Apalagi kemudian per 14 Juli 2021, Perhimpunan Dokter Paru Indonesia (PDPI), Perhimpunan Dokter Spesialis Penyakit Dalam Indonesia (PAPDI), Perhimpunan Dokter Spesialis Kardiovaskular Indonesia (PERKI), Perhimpunan Dokter Anestesiologi dan Terapi Intensif Indonesia (PERDATIN), serta Ikatan Dokter Anak Indonesia (IDAI) telah mengirimkan surat ke Kementerian Kesehatan perihal revisi protokol tatalaksana COVID-19 yang antara lain mengatur kembali ketentuan penggunaan oseltamivir dan azithromycin, dua jenis obat yang muncul pada daftar.
Pada dasarnya urusan ivermectin masih tidak berubah dari informasi awal Juli 2021 bahwa tengah dilakukan uji klinik pada 8 rumah sakit, penggunaan di luar skema uji klinik dapat dilakukan sesuai dengan hasil pemeriksaan dan diagnosa dokter, plus jika memang diberikan pada pasien oleh dokter maka penggunaannya sesuai protokol uji klinik yang disetujui.

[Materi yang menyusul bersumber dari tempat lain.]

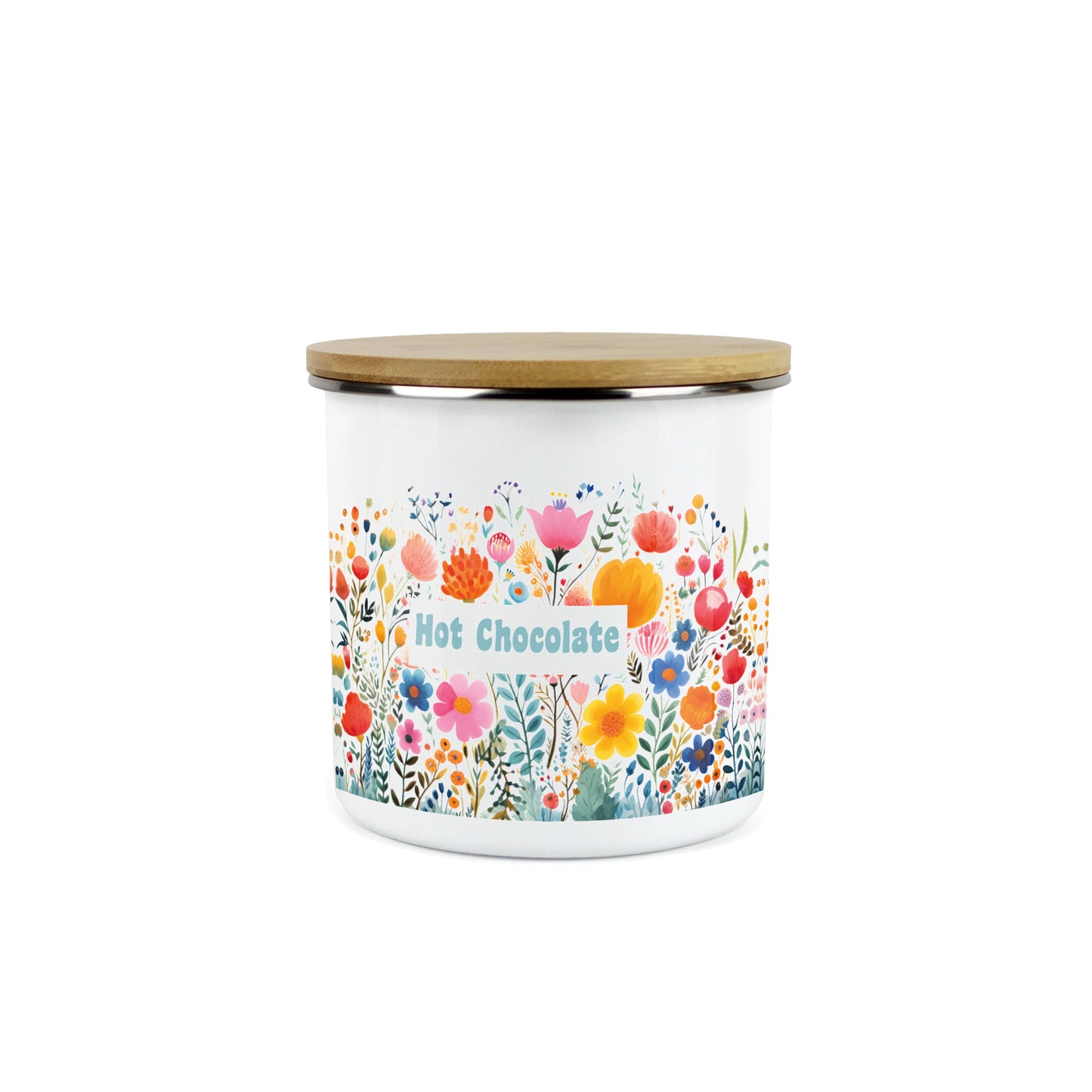 Bright Florals Medium Enamel Canister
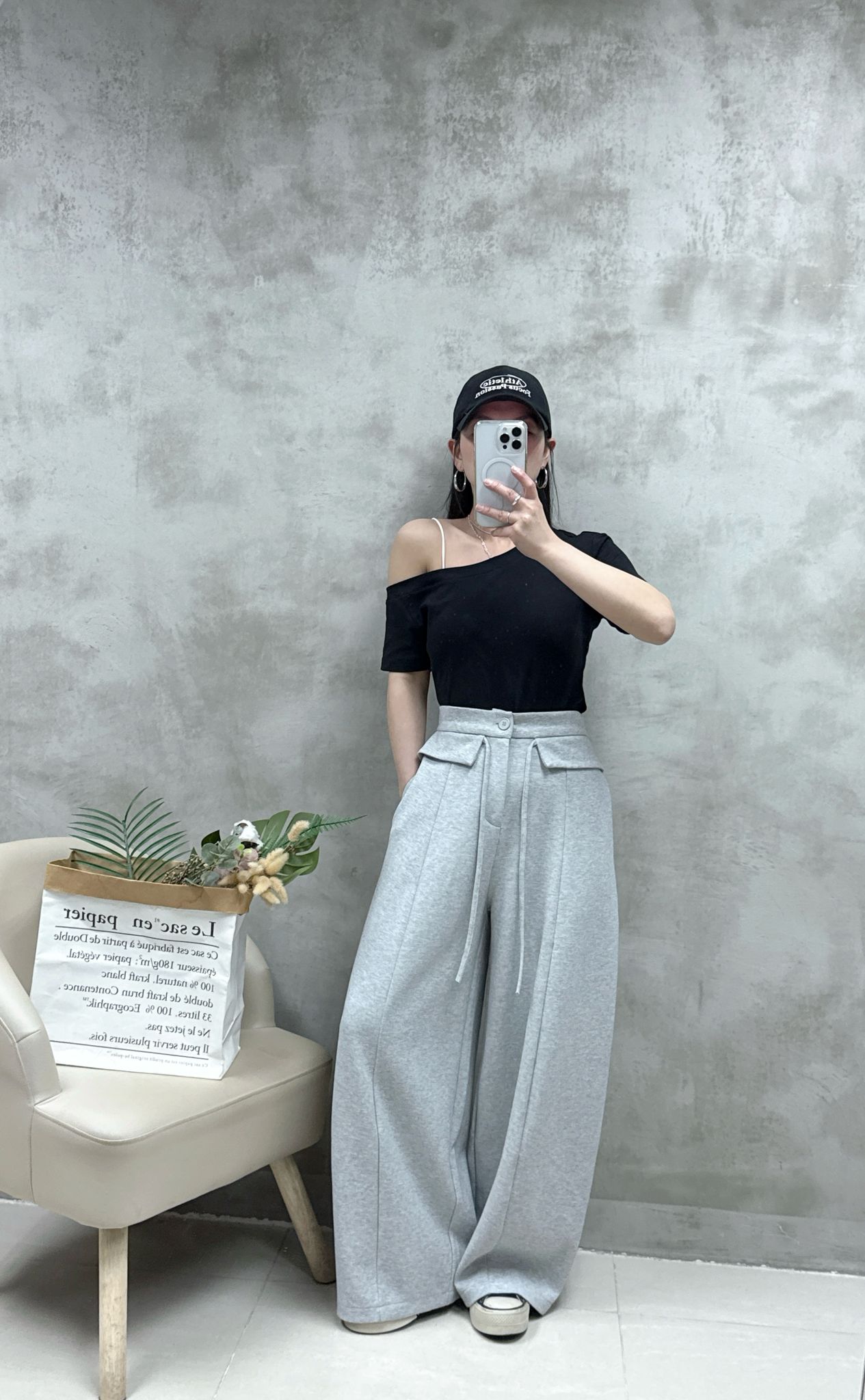 A11 單邊露膊棉質Top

Dan sebenarnya pula pemberitaan Kompas sudah menyebut soal Expanded Access. Gambaran umum Expanded Access dapat dibaca di situs web FDA berikut ini, tapi intinya sih Expanded Access ditujukan untuk pasien maupun fasilitas pelayanan kesehatan yang tidak memiliki akses pada uji klinik obat yang belum disetujui untuk indikasi penyakit yang diajukan. Jadi, perlu ditekankan bahwa jika nomor izin edar (dalam kondisi normal) atau EUA (dalam kondisi darurat) diberikan kepada industri farmasi, maka Expanded Access diberikan pada institusi maupun fasilitas pelayanan kesehatan.